You’d be surprised how hard you have to work to convince a cancer doctor to make sure you don’t have cancer. You’d think that was standard procedure. Instead, I was greeted with: “What are you doing here?” It didn’t seem like a CAT Scan was in my future.
When dealing with doctors, bankers or customer service representatives I’ve learned to never take no for an answer. Sure, if I was patient I’d let things alone and hopefully they would resolve themselves naturally. But I’ve paid too many unnecessary banking fees and incorrect hospital bills to know that to be true. You’ve got to be that person that bitches and demands to get their way.
I’ve come up with a go-to excuse in these cases: “My Mom said so.” For some reason if, you ask a doctor for a procedure or a prescription and say your Mom told you to ask, you’ll usually get what you need. I don’t know if it makes the doctor stop and actually think of you as a person or if everyone is just scared of Moms. Either way, a mention of my omnipotent mother and I was scheduled for a CAT Scan a week later.
As casual as my doctor was when he delivered the news, I knew I had to persevere. Apparently, he found some sort of unknown, probably non-cancerous tumor on my liver. He said if I was worried, I could get an ultrasound in a year. Worried? No. Impatient? Yes.
With no guidance from my doctor, I hit up Wikipedia to figure out his nonchalant diagnosis. Eventually, I found a gastroenterologist and another three weeks later, I had an appointment with him as well. Though he was apathetic at first too, he later called me to say, “Don’t freak out,” and suggest I to see a liver surgeon.
And just two more weeks after that I had another appointment. My persistence was paying off. After two hours of waiting in the surgeon’s office, he delivered me the unfortunate news I had been waiting months to hear: “It’s bigger than originally suspected and it probably has to come out.”

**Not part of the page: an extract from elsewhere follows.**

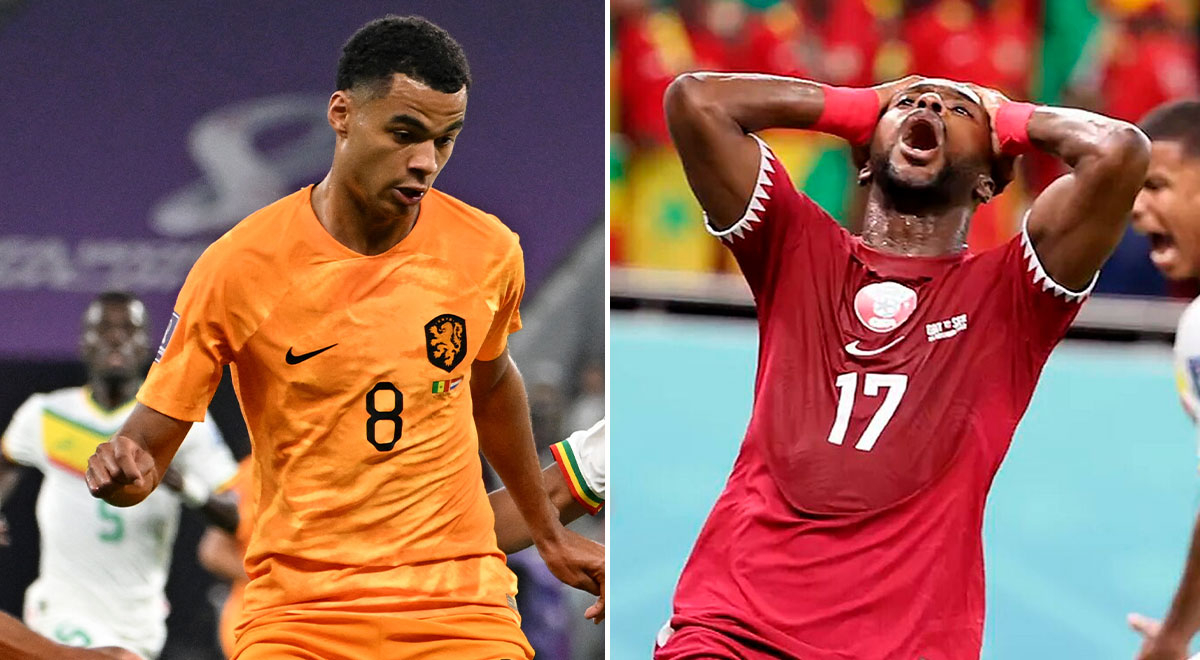 Países Bajos vs Qatar EN VIVO: hora y dónde ver el partido por la fecha 3 del Mundial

And of course, the first MRI I could get was three weeks away. My perseverance couldn’t get me an earlier appointment no matter how many times I called. Now months after this whole process began, I sit and wait, not knowing if I’ll have to halt my life to have major surgery.
When it comes to your personal well being – whether it be financially, emotionally or physically – you have to fight. Being impatient and not taking no for answer can change or even save your life. Once you realize you no longer have control though, you have to remember the virtue in patience.